Mit Anerkennung und Preisen Arbeit für den Sport würdigen
Dr. Müller: Ehrenamtliches Engagement gehört belohnt
Sie sind die guten Geister des organisierten Sportes und opfern in der Regel einen gehörigen Teil ihrer Freizeit, um ehrenamtliche Aufgaben zu übernehmen. Ob auf übergeordneter Ebene im Sportverband und Sport-kreis oder direkt an der Basis, im Sportverein – ohne sie wäre das System Sport nicht aufrecht zu erhalten. Anerkennung finden sie dabei eher selten und finanzielle Gegenleistungen für ihr Engagement sind absolute Ausnahmen. Der Landessportbund Hessen (lsb h) setzt sich daher massiv für die Anerkennung der Arbeit des Ehrenamtes ein. Die Berücksichtigung ehrenamtlicher Tätigkeit im Zeugnis oder – bei gleichen Qualifikationen - die Entscheidung für einen Stellenbewerber, der ehrenamtlich aktiv ist, sind Forderungen.
Der organisierte Sport kann aber auch selbst noch mehr tun, um die Arbeit seiner ‚Aktivisten´ aufzuwerten, so Dr. Rolf Müller, Präsident des Landessportbundes Hessen, jetzt in Frankfurt.

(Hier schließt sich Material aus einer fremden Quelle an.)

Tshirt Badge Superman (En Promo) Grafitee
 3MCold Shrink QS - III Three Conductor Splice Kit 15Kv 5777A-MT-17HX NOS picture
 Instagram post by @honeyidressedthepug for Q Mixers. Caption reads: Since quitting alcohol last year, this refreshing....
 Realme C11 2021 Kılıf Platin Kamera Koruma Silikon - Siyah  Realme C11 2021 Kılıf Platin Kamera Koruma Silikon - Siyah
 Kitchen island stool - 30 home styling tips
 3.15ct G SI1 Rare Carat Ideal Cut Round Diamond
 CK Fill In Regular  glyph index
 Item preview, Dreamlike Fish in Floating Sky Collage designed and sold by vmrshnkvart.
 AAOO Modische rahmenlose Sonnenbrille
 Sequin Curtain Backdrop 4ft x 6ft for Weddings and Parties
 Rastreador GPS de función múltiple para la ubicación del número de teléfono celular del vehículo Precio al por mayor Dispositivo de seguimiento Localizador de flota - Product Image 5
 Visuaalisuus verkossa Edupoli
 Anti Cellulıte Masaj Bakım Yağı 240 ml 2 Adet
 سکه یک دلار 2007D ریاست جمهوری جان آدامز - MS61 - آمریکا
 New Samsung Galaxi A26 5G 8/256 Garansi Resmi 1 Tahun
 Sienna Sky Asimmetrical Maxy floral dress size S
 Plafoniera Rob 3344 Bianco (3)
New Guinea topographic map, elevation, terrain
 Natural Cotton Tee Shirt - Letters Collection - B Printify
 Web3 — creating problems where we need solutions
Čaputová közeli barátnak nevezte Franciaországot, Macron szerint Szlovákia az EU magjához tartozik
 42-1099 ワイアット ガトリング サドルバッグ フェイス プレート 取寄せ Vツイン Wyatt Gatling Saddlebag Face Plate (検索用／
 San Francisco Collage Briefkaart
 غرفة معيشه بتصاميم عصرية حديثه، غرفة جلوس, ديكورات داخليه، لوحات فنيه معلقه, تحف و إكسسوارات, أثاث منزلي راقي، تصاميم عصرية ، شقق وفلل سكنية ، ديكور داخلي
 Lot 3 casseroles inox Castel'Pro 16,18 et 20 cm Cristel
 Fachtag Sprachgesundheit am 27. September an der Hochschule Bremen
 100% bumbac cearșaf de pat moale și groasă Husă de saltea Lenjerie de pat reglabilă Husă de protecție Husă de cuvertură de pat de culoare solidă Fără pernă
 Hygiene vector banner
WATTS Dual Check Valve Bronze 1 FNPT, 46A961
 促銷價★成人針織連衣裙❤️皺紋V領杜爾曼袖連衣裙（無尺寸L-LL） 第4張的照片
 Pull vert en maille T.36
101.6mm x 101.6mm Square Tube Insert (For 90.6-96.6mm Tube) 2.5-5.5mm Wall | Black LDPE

Dr. Müller bezieht sich dabei auf eine Aktion des Sportkreises Gelnhausen. Der Sportkreis hat unter dem Motto Wer werden die Guten Seelen 2000 erstmalig einen mit 2000 Mark dotierten Preis für ehrenamtliches Engagement ausgeschrieben. Um den Preis können sich Jugendliche, junge Erwachsene bis 27 Jahren und Erwachsene bewerben. Honoriert wird dabei außerordentliches Engagement im Sinne des Sportes.
Das Beispiel des Sportkreises Gelnhausen zeigt eine gute Form der Anerkennung für den Einsatz im Sinne und zum Wohl des Sportes auf. Ich würde mich freuen, wenn diese Aktion in weiteren Sportkreisen und Sportverbänden Nachahmer findet, hofft der lsb h-Präsident auf eine Signalwirkung.
Müller kann sich diese Signalwirkung durchaus auch für Sportvereine vorstellen. Sicher darf man hier nicht von Geldpreisen wie dem des Sportkreises Gelnhausen ausgehen. Aber ein Bericht in der Vereinszeitung, ein Aushang mit Foto im Clubheim oder die besondere Erwähnung während einer exponierten Veranstaltung zeigen den Ehrenamtlern, dass man ihre Tätigkeit nicht nur registriert, sondern für wichtig hält und sich dafür bedanken will. Das motiviert. Und Motivation ist schließlich ein wesentlicher Grundstein ehrenamtlichen Handelns, so der Präsident abschließend.